# Has anyone got Draw Something.



## Vegas_Asian (Nov 2, 2008)

I am trying tofigure out how to get the download from my phone to my fire. Heard it was possible but I was wondering if anyone else has done such transfer

Sent from my Kindle Fire using Tapatalk


----------



## Scheherazade (Apr 11, 2009)

I side loaded it, but it's stuck on the loading screen.  Seen other people with the same issue.


----------



## teri (Sep 13, 2010)

I am attempting it now.  So far it is installing but moving slow.  I added the apk to my dropbox to sideload.  I'll let you know how it goes.


----------



## teri (Sep 13, 2010)

It downloaded and installed just fine.  I have opened the app several times and it hasn't failed or messed up.  I'm just waiting for a turn so I can test the drawing and sending.   My instructions below assume you have ES File Explorer on your phone and Dropbox on your phone and Fire.

How I did it:

1. Made a back up of the apk file on ES File Explorer.
(Long press on Draw Something App and choose backup.)

2. This file is saved in the folder backup > apps.

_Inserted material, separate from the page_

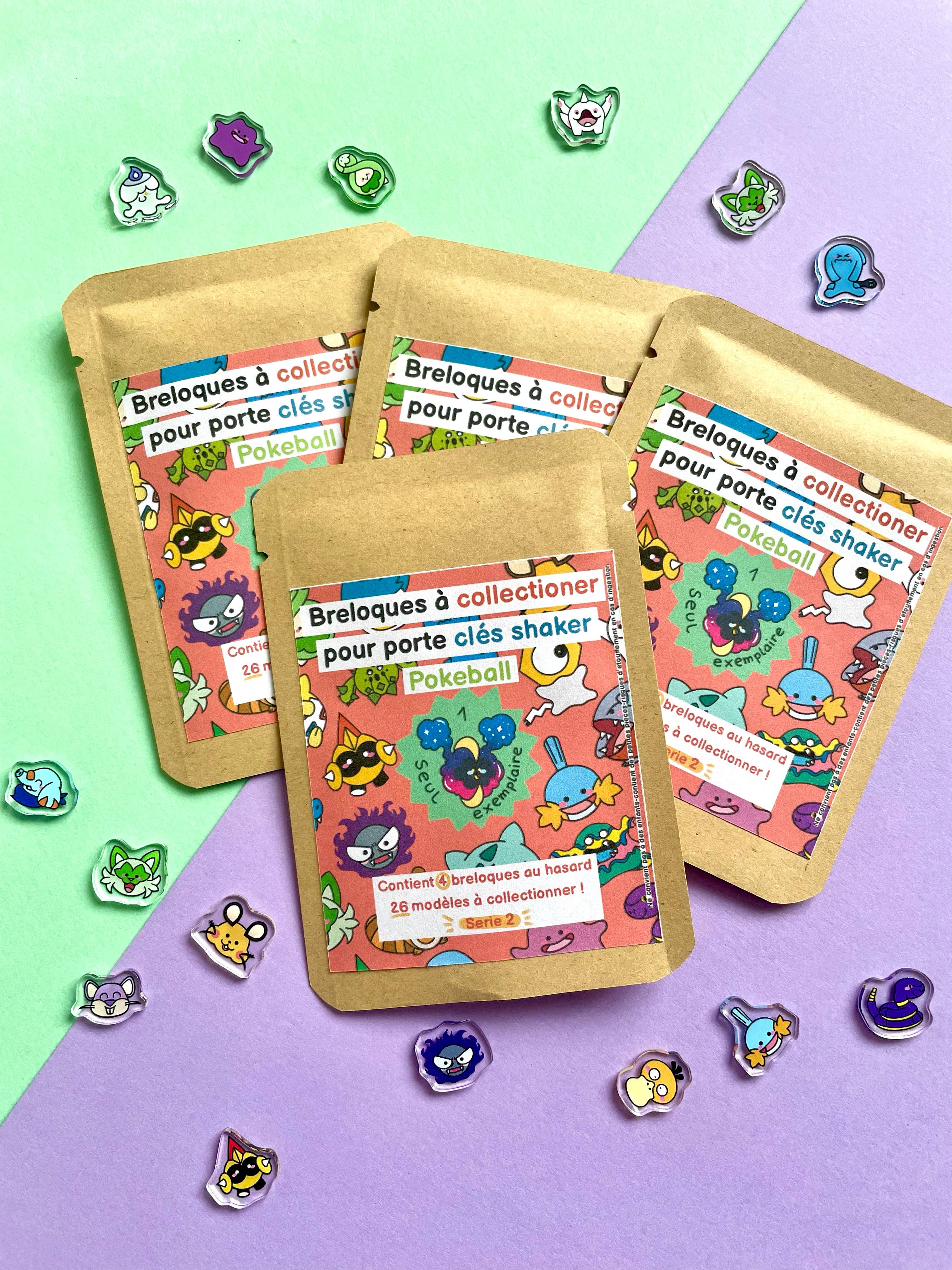 Girafette - Wholesale Keychain - Unisex - Pokeball shaker keychain2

3. Open the backup > apps folder and long press the apk file.  

4. When the options pop up scroll down and select Send (you may have to scroll down).

5. In the next pop up (Share Via) - select dropbox > Send to this folder (or select the folder you want it in).

6. Next, open dropbox on your Kindle Fire where you saved the apk file.

7. Touch the file and it will download.  Once downloaded select Install.


----------



## krm0789 (Dec 21, 2010)

I downloaded the Apk from 1mobile directly from the Fire. When it needed an update, i deleted & dl' ed the new one with no issue. I did have an issue once with it not loading a game, but a delete & reinstwll fixed it. Easy & quite addictive!

Sent from my Kindle Fire using Tapatalk


----------



## CS (Nov 3, 2008)

Where are you guys getting it? Is there a source outside of the Android Market/Google Play, and is it free?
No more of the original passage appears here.